YOUR INSTRUCTIONS
What is printed must match, line for line, the records from their first line through the line containing "That concludes the", with pictures left out.
Segment Start: PROVIDED RECORDS
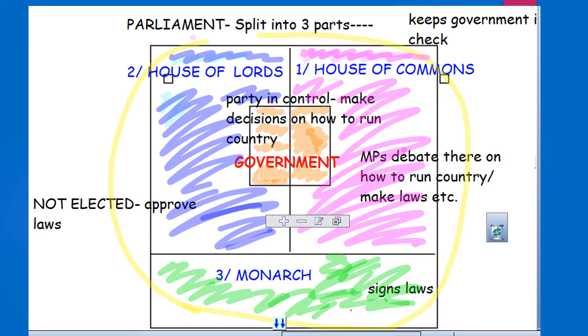The last part of Parliament is the Monarch — the King or Queen. They're really only there for ceremonial value, but they do sign off laws. If the Monarch wanted to, they could say no to a new law, but they haven't done that for hundreds of years.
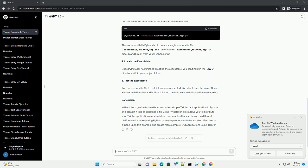4. Locate the executable. Once pyinstaller has finished creating the executable, you can find it in the dist directory within your project folder. 5. Test the executable. Run the executable file to test if it works as expected. You should see the same tkinter window with the label and button. Clicking the button should display the message box.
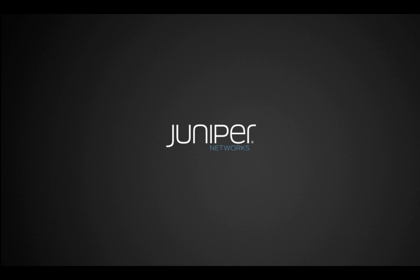That concludes the Contrail for Elastic Cloud demonstration. For more information on Contrail, please visit www.juniper.net. Thank you.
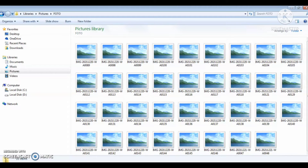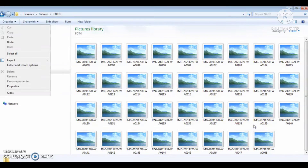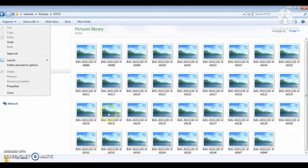Baik, Bapak, Ibu dan sahabat SPSB dimanapun berada, jika laptop atau komputernya menemui masalah seperti ini, maka langkah yang perlu dilakukan pertama kali adalah membuka laptop ini, di-explore atau dibuka, dipilih di mana gambar itu tidak muncul atau munculnya hanya seperti thumbnail seperti ini.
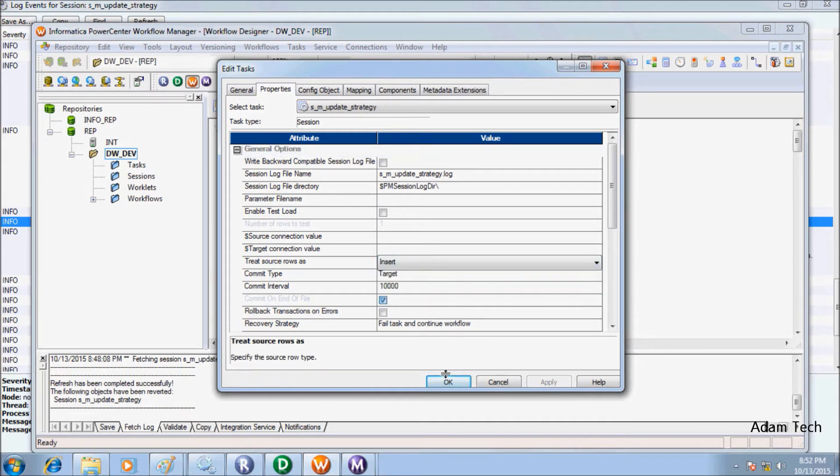Next, truncate table — you already know about this option, discussed many times. Before loading, select the option to truncate the target table before loading data.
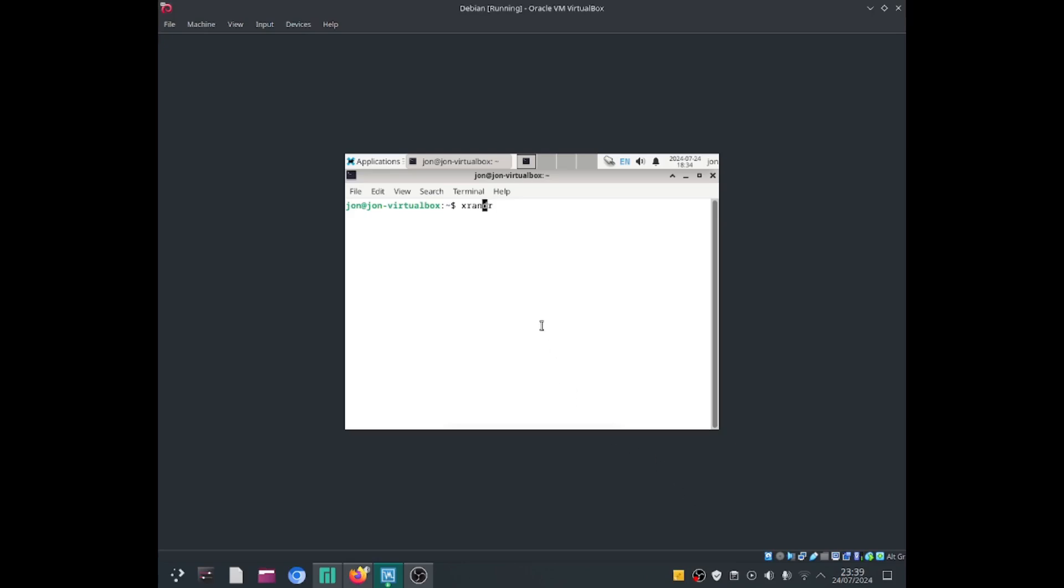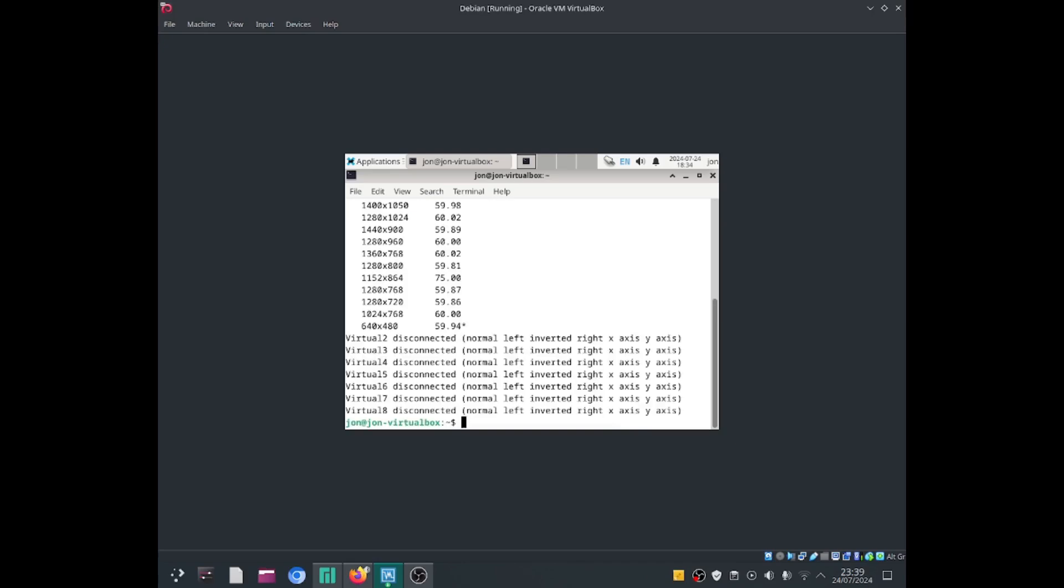So we just need to write down xrandr within the terminal. Now press on the Enter key.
Segment End: PROVIDED RECORDS
ANSWER BELOW
The last part of Parliament is the Monarch — the King or Queen. They're really only there for ceremonial value, but they do sign off laws. If the Monarch wanted to, they could say no to a new law, but they haven't done that for hundreds of years.
4. Locate the executable. Once pyinstaller has finished creating the executable, you can find it in the dist directory within your project folder. 5. Test the executable. Run the executable file to test if it works as expected. You should see the same tkinter window with the label and button. Clicking the button should display the message box.
That concludes the Contrail for Elastic Cloud demonstration. For more information on Contrail, please visit www.juniper.net. Thank you.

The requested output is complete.